I am trying to copy a struct array to device.I work with one atm GPU, and I have a problem with the cuPrintf function that I use to debug my code.

My definition of structure is as follows:

struct Node { char Key[25]; char ConsAlterKey[25]; char MasterKey[3]; int VowelDeletion; char Data[6]; char MasterData[6]; int Children[35]; int ChildCount; }; 

and for testing purposes, I populate an array of structures as follows:

 void FillArray(Node *NodeArray) { for(int i=0;i<TotalNodeCount;i++) { strcpy(NodeArray[i].Key,"Key"); strcpy(NodeArray[i].ConsAlterKey,"ConsAlterKey"); strcpy(NodeArray[i].MasterKey,"Mk"); NodeArray[i].VowelDeletion=0; strcpy(NodeArray[i].Data,"Data"); strcpy(NodeArray[i].MasterData,"Mdata"); NodeArray[i].ChildCount=5; for(int j =0;j<NodeArray[i].ChildCount;j++) { NodeArray[i].Children[j]=i+j; } } } 

my main function looks like this:

 int main() { Node *NodeArray; Node *GpuTree; int tokenCount=0; int *tokenCountGPU; NodeArray =(Node *)malloc(sizeof(Node)*(TotalNodeCount)); FillArray(NodeArray); printf("Filling test : %s\n", NodeArray[13].Key); gpuAssert(cudaMalloc( (void**)&GpuTree, sizeof(Node)*(TotalNodeCount))); gpuAssert(cudaMemcpy(GpuTree, NodeArray,sizeof(Node)*(TotalNodeCount), cudaMemcpyHostToDevice)); //test value tokenCount=35; gpuAssert( cudaMalloc((void **)&tokenCountGPU, sizeof(int)) ); gpuAssert( cudaMemcpy(tokenCountGPU, &tokenCount, sizeof(int), cudaMemcpyHostToDevice) ); cudaPrintfInit(); Test <<< 1, tokenCount >>> (GpuTree,tokenCountGPU); cudaPrintfDisplay(stdout, true); cudaPrintfEnd(); gpuAssert( cudaGetLastError() ); //TODO:free pointers return(0); } 

and if I write a test function as shown below:

 __global__ void Test(Node *Trie,int *tokenCount) { if (threadIdx.x < *tokenCount) { cuPrintf("%s\n",Trie[threadIdx.x].Key); } return; } 

I get the output as follows:

 Filling test : Key [0, 0]: < [0, 1]: ¢☺! [0, 2]: ì☺! [0, 3]: Γ„β˜»! [0, 4]: oβ™₯! [0, 5]: t♦! [0, 6]: L♣! [0, 7]: $β™ ! [0, 8]: ΓΌβ™ ! [0, 9]: Γ”! [0, 10]: ! [0, 11]: " [0, 12]: \ ! [0, 13]: 4β™‚! [0, 14]: ♀♀! [0, 15]: À♀! !0, 16]: ΒΌ [0, 17]: "β™«! [0, 18]: l☼! [0, 19]: Dβ–Ί! [0, 20]: βˆŸβ—„! [0, 21]: Γ΄β—„! [0, 22]: ΓŒβ†•! [0, 23]: Β€β€Ό! [0, 24]: |ΒΆ! [0, 25]: TΒ§! [0, 26]: ,β–¬! [0, 27]: ♦↨! [0, 28]: Γœβ†¨! [0, 29]: ´↑! [0, 30]: O↓! [0, 31]: dβ†’! [0, 32]: <←! [0, 33]: ¢∟! [0, 34]: ì∟! 

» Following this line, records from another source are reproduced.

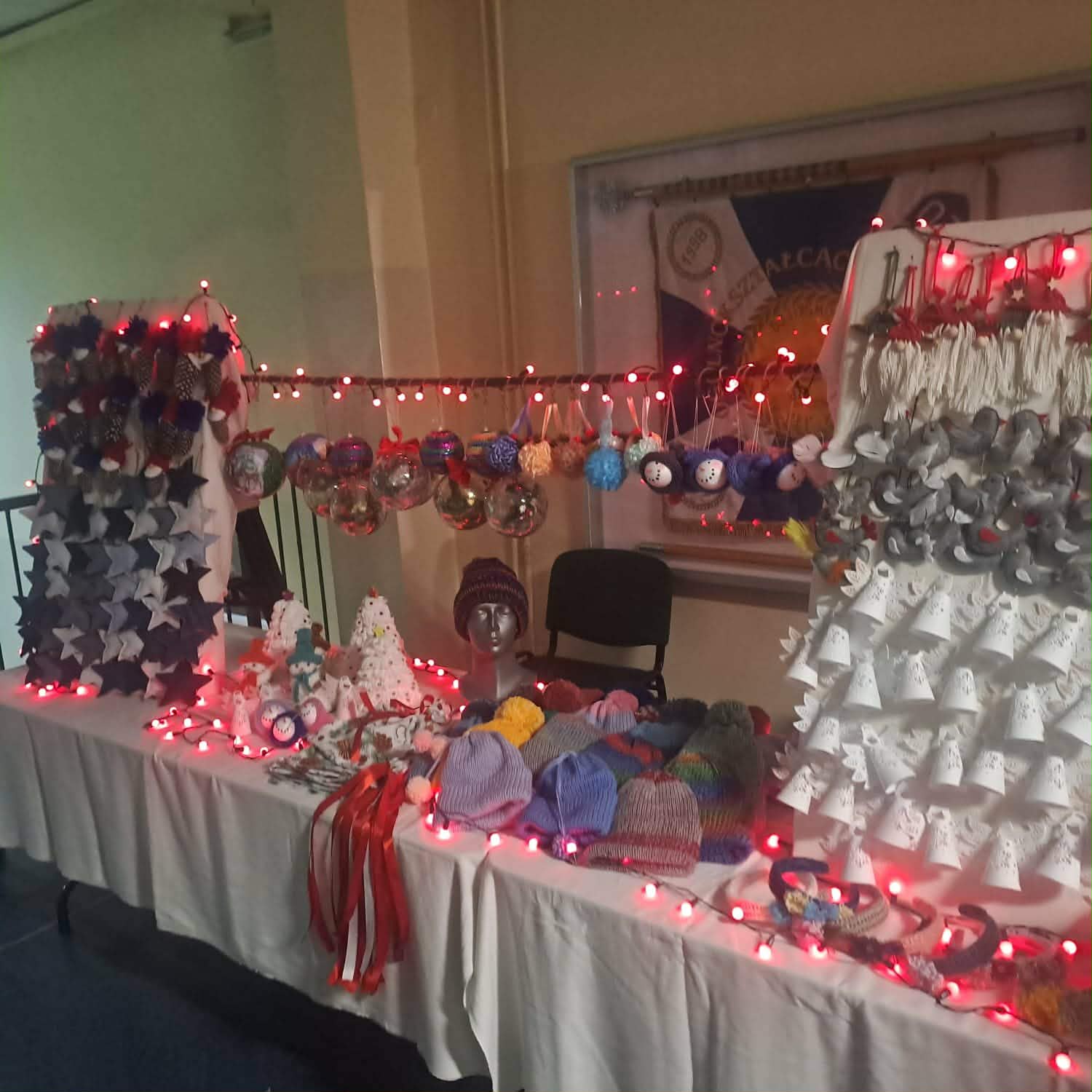 Świąteczny Kiermasz Świetliczaków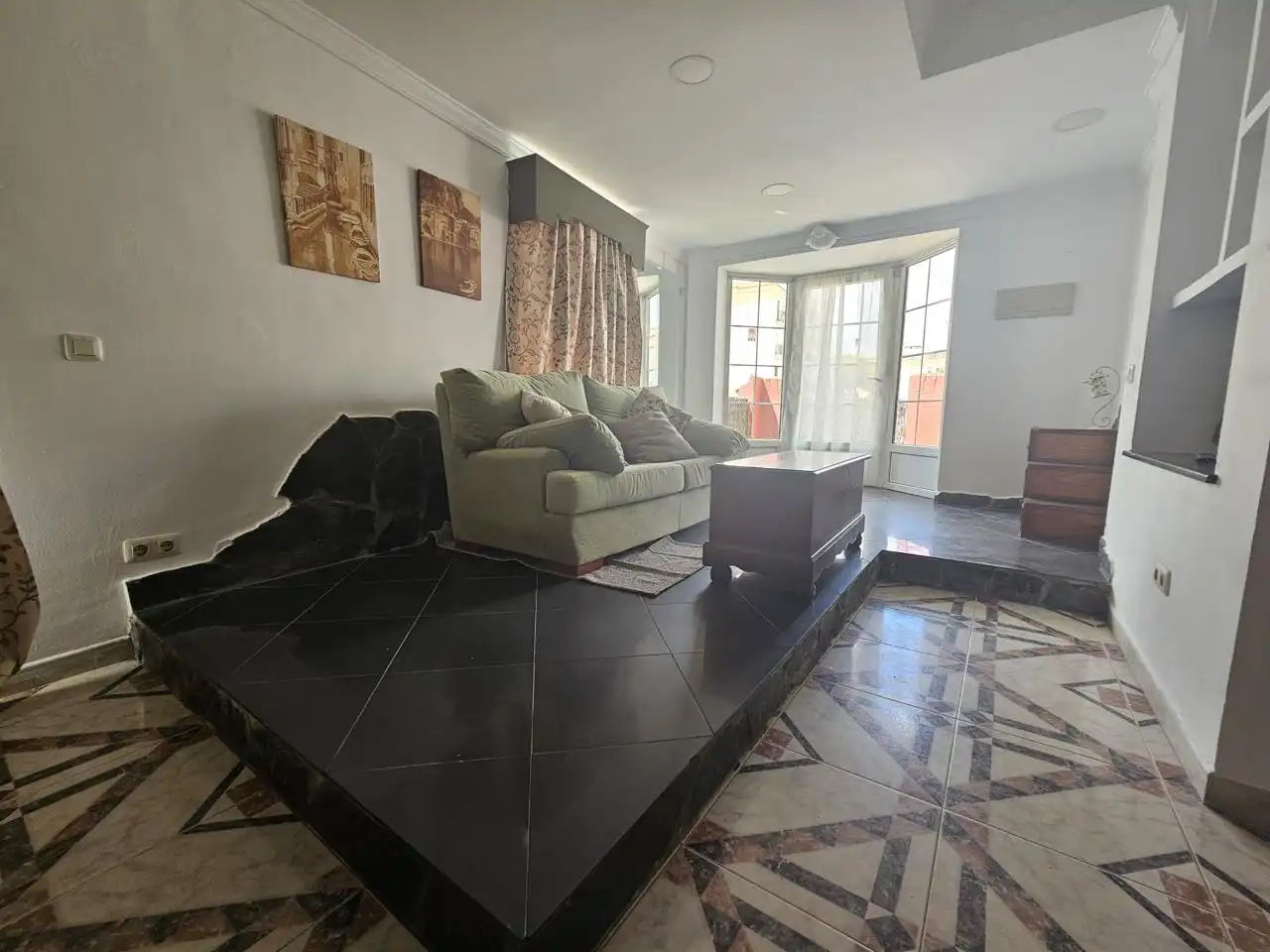 Ground floor for rent in Calle Volga, El Rocío - La Milagrosa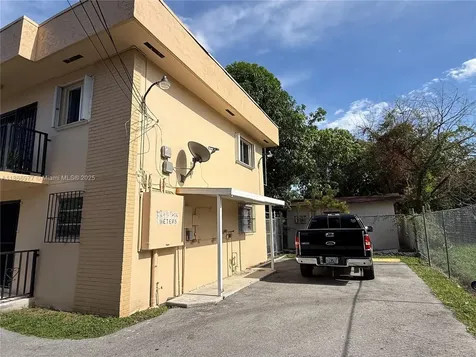 502 SW 13th Avenue Miami FL 33135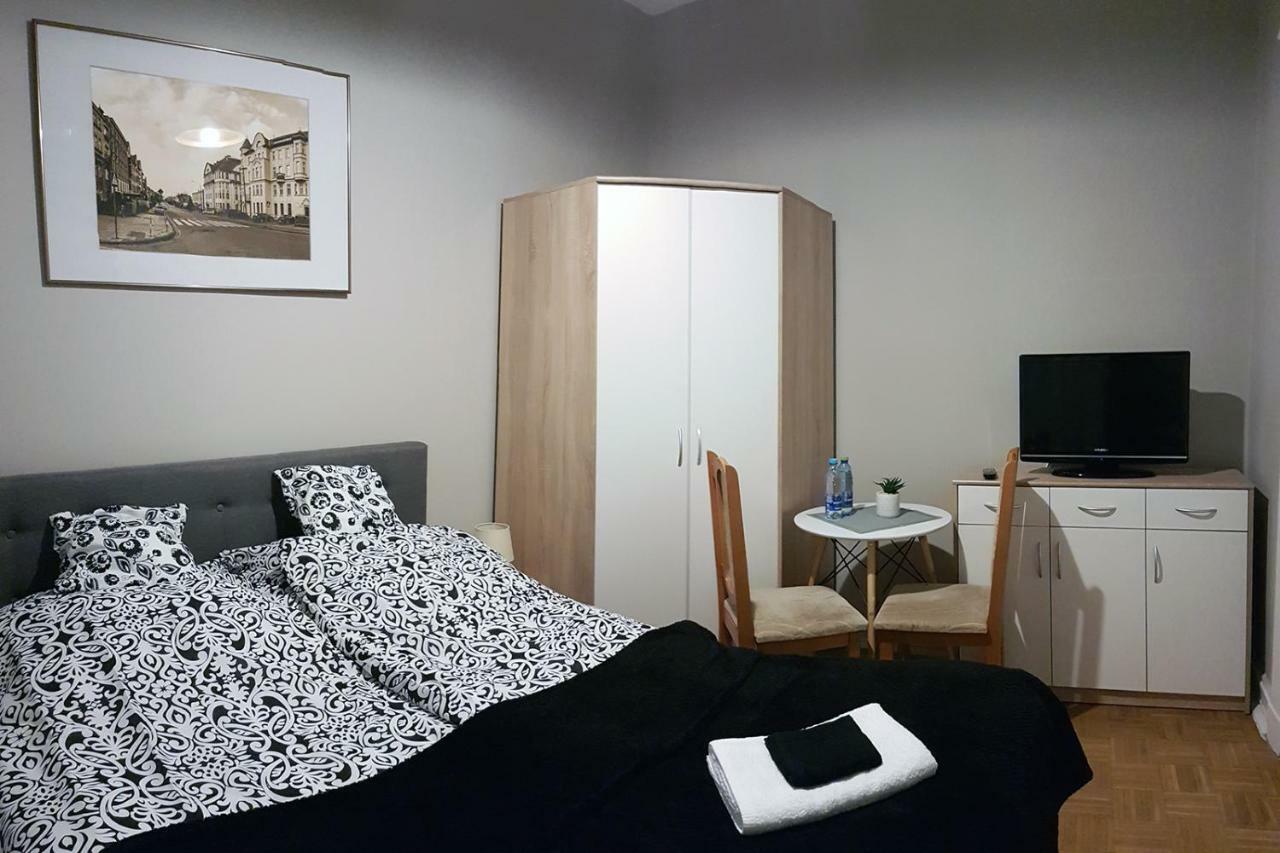 Czarna Owca- Pokoje Goscinne Gniezno Buitenkant foto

but if I change my testing method to this:

 __global__ void Test(Node *Trie,int *tokenCount) { if (threadIdx.x < *tokenCount) { cuPrintf("%c%c%c\n", Trie[threadIdx.x].Key[0], Trie[threadIdx.x].Key[1], Trie[threadIdx.x].Key[2]); } return; } 

then I get the correct output:

 Filling test : Key [0, 0]: Key [0, 1]: Key [0, 2]: Key [0, 3]: Key [0, 4]: Key [0, 5]: Key [0, 6]: Key [0, 7]: Key [0, 8]: Key [0, 9]: Key [0, 10]: Key [0, 11]: Key [0, 12]: Key [0, 13]: Key [0, 14]: Key [0, 15]: Key [0, 16]: Key [0, 17]: Key [0, 18]: Key [0, 19]: Key [0, 20]: Key [0, 21]: Key [0, 22]: Key [0, 23]: Key [0, 24]: Key [0, 25]: Key [0, 26]: Key [0, 27]: Key [0, 28]: Key [0, 29]: Key [0, 30]: Key [0, 31]: Key [0, 32]: Key [0, 33]: Key [0, 34]: Key 

So the question is, why am I getting corrupted output when I try to print lines using "% s"?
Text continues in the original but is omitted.